The problem here? What he’s just described is pretty much a beginner’s guide to Shintoism, just without the express categorisation and definition that religious belief demands. In brief, Shintoism is an indigenous belief system in Japan so ancient as to predate the existence of historical record. It’s essentially a kind of animism, in which there exists a belief that every single element of the world, from towering mountain to flowering plant, is inhabited with spirits known as kami. (Think Colours of the Wind from Pocahontas as a coherent system, instead of one person’s justification for having a raccoon as a best friend.)
And so we turn to My Neighbour Totoro, in which contextual evidence makes it almost impossible not to interpret its titular fuzzball as a kami spirit. He’s certainly supernatural by nature, crowned “Keeper of the Forest” and granted the ability to make a tree grow simply through the act of vigorous bowing. The home he makes within the camphor tree – the oldest and grandest in the forest – appears to be in keeping with the natural dwelling space of kami spirits; a notion made explicit in the presence of a traditional Shinto gate, which marks the entrance to the tree’s vicinity, and in the shimenawa, the rope of religious consecration, which wraps around its trunk.
My Neighbour Totoro
(© 1988 Nibariki – G)
Granted, there’s nothing in Totoro’s own bizarre combination of raccoon, cat, owl, and Japanese teenager’s backpack that bears similarity to the largely anthropomorphic kami. Then again, we can’t forget that this is a kids’ movie, and it’s far easier to elicit emotional attachment from a child through the powers of cute than with what would essentially be a chick with the fancy dialled up to 11. Nor does that exclude Totoro from possessing an air of the mystical, propelling him far past the boundaries of mere cuddle partner: the power behind his languid, heavy movements and the bellowing roar, which seems to turn the very air into a gust of howling wind, suggest a figure who demands a certain level of god-fearing awe. Totoro acts exactly as one would expect of a kami: demanding both adoration and respect from those who cross his path.

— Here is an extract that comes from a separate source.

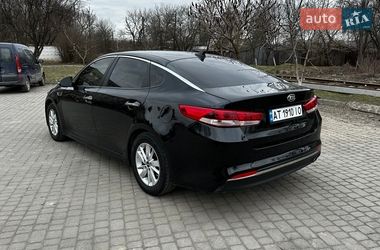 Седан Kia Optima 2016 в Ивано-Франковске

Shinto practice in action has become defined by a series of loose-set rituals, constantly evolving throughout Japan’s history, yet bound by the same notions of honour and communication with the kami. Here, the story’s central family demonstrate their respect for Totoro by gathering around his sacred tree and thanking him for looking after their youngest member, Mei. In this sense, the tree itself acts as a clearly delineated sacred space for communication.
The nature of this communication also seems resolutely tied to the essence of so much of Miyazaki’s work. As Shintoism is devoid of official scripture, individual interaction with the kami is thought to be enacted not through intellect, the utterance of words, nor patterns of thought, but entirely through feeling. It’s in the quiet, yet awe-inspiring moments in which we reflect upon the beauty of nature; those moments of absolute stillness and unification with our surroundings that we all encounter at certain points in our lives. In My Neighbour Totoro, Miyazaki enacts those moments in his own animation technique: lingering on the sight of a bubbling river or a snail climbing lazily up the stalk of a plant. Or in the moment in which Mei tumbles into Totoro’s tree-bound lair, a cathedral of sturdy bark and carpeted moss. It’s in her awe of this space that she opens herself for communication with Totoro.
As the children’s father teaches them: “Back then, man and trees were friends.” Friendship is no incidental evocation here, as Shinto belief places a heavy emphasis on the interconnected, mutually beneficial nature of humanity’s relationship with nature, through the notion of musubi, or “binding together”. Shintoism has always had a peculiar place in Japan’s history, littered with attempts both to enforce it as the state religion and to suppress its belief entirely; the form in which it survives today is one associated with the more primitive, rural practices, in opposition to the “high” religions of Buddhism and Taoism.
My Neighbour Totoro
(© 1988 Nibariki – G)
While it may boil down to the essential practice of man caring for the land he cultivates in return for a bountiful harvest, as reflected in My Neighbour Totoro’s harvest sequence, the worship of kami deepens this relationship to express a more profound reciprocation. It’s a notion expressed in very literal terms through Totoro himself: when the family pays respect, the father utters “Thank you for taking care of Mei…from this moment on please continue to do so”; when Mei goes missing it is Totoro who inevitably becomes their last hope in what could be interpreted as evidence that man cannot function without the aid of nature.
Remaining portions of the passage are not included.